El escándalo en torno a los Sarkozy ha estallado con tanta intensidad por la flagrante contradicción con el programa formulado por el presidente al llegar al poder: trabajar con todas sus fuerzas por una “república irreprochable”, lo que incluía nombrar los altos cargos del gobierno en función de la cualificación y el mérito. Las críticas se han multiplicado desde todas las posiciones, y por una vez el arrogante Sarkozy se encuentra acosado y a la defensiva.
La presión ha sido tan fuerte que finalmente su hijo se ha visto obligado a renunciar a ese cargo. Alegra ver cómo incluso la opinión pública más dócil y aletargada puede llegar a despertar un día. Hasta el momento parecía que el presidente francés podía hacer y deshacer a su antojo, con el silencio y la complicidad de unos medios de comunicación sometidos al poder.
La elección de los gobernantes idóneos ha sido siempre una de las cuestiones centrales de la reflexión y la práctica políticas. ¿Cómo asegurar que los mejores, es decir, los más competentes y honestos, llegan al poder? Y antes que eso, ¿cómo identificarlos? Y supuesto que se consiga, ¿cómo lograr que se interesen por la cosa pública?

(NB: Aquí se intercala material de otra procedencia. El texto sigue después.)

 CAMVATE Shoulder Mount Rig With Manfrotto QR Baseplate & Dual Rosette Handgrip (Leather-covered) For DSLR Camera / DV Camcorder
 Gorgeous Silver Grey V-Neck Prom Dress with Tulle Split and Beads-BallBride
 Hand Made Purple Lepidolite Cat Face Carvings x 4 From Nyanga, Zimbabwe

Platón, uno de los primeros filósofos políticos de la historia, propone que gobiernen los sabios. Platón era filósofo, pero no ingenuo: añade a continuación que esos gobernantes deberán renunciar a una familia propia y a todo patrimonio. Como se ve, el nepotismo y la corrupción no son de ahora. Para la elección de los candidatos adecuados nuestro filósofo no tiene una solución racional y termina dejándola en manos de la suerte, en la espera de que el destino haga surgir gobernantes a la altura de las circunstancias.
Dos mil quinientos años después no hemos encontrado una respuesta mejor. Muchos líderes políticos siguen primando la lealtad por encima del mérito -los colaboradores valiosos, con criterio propio, pueden llegar a convertirse en rivales peligrosos-, y los lazos de parentesco constituyen la mejor red de seguridad. Nos queda al menos el consuelo de poder criticar abiertamente a esos padres que, cegados por la sangre, quieren perpetuarse en hijos incapaces.